The report notes that the rate of inflation in Malta based on the Harmonised Index of Consumer Prices decelerated to an average of one per cent over the year under review, as against 3.2 per cent in 2012. The drop in inflation was mainly due to developments in services prices.

Turning to fiscal developments, the bank estimates that the general government deficit for the whole of 2013 declined to 2.9 per cent of GDP, and is projected to stabilise at that level in 2014. Government debt is estimated to have increased to 71.3 per cent of GDP in 2013 and is then expected to rise further to 71.8 per cent in 2014.
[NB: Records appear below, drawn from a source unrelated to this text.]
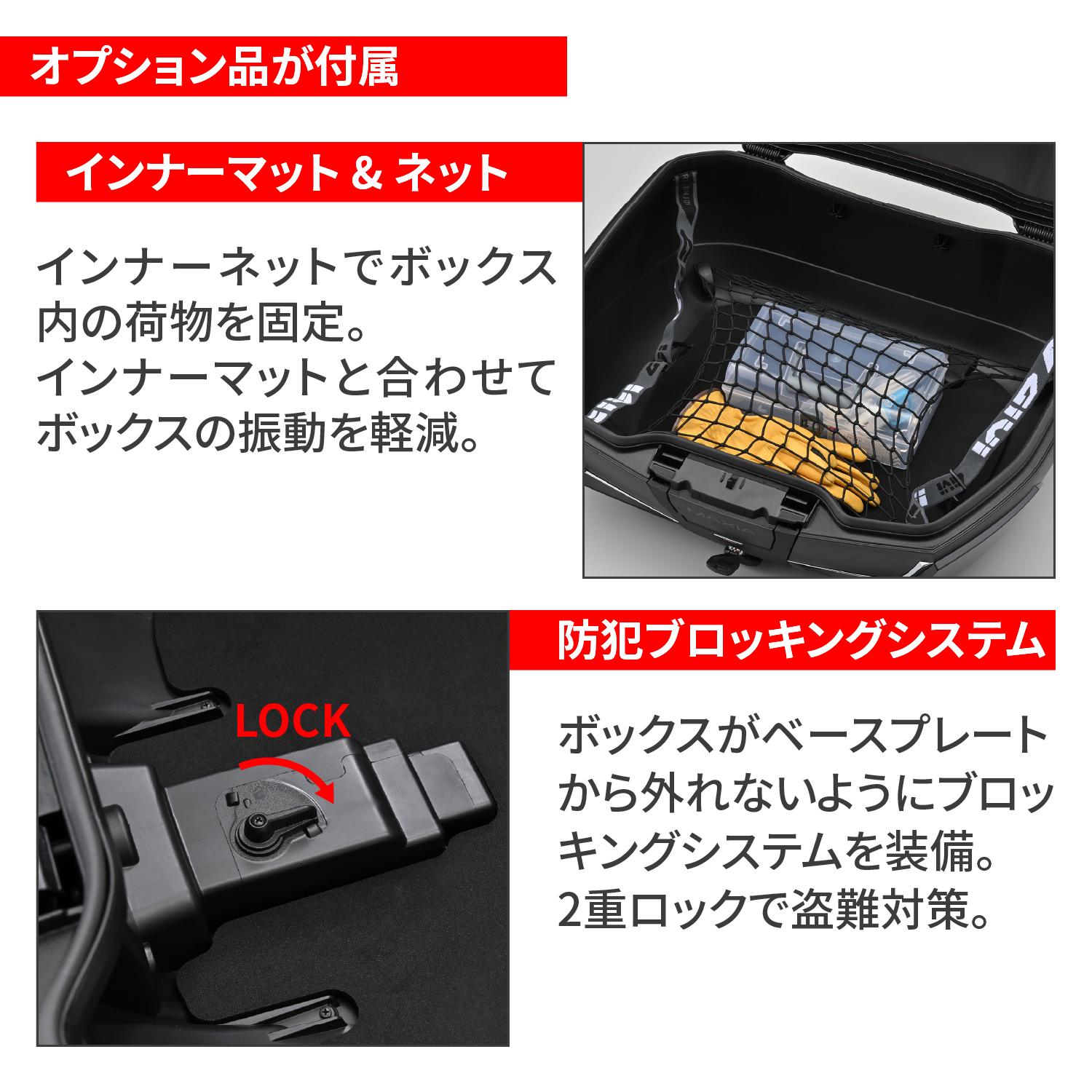 GIVI（ジビ） 63506 DAYTONA デイトナ GIVI V58NNG/グレーパネル/58L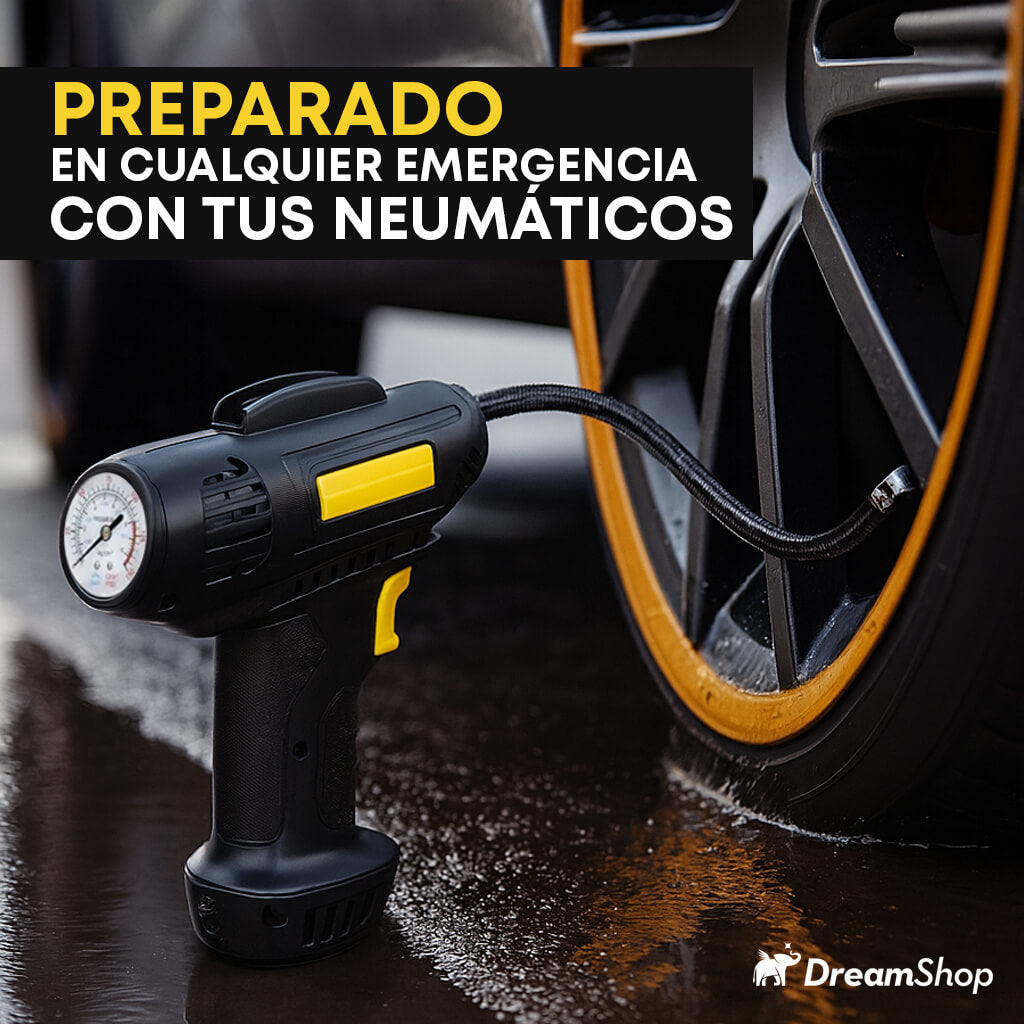 COMPRESOR DE AIRE EMERGENCIA - ¡Portátil y efectivo!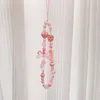 Favor favor a festa doce, cadeia de telefones celulares romântico ROM Pink Bow adorável charme de miçangas meninas de pulseira capa de lanyard acessórios de cordão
The bank remains responsible for the implementation of the single monetary policy in Malta. In this context, it conducted market operations with eligible banks worth an aggregate of €23.7 billion, more than double the amount conducted in 2012.

With yields across financial markets declining during 2013 and maturing securities in the bank’s portfolio being reinvested in lower yielding assets, the bank’s annual profits, though well above the average for the past 10 years, were lower compared with the level recorded in 2012. The profit level for 2013 (including provisions) amounted to €66.7 million compared with €78.2 million in the previous year, of which the net amount of €50 million was transferred to government.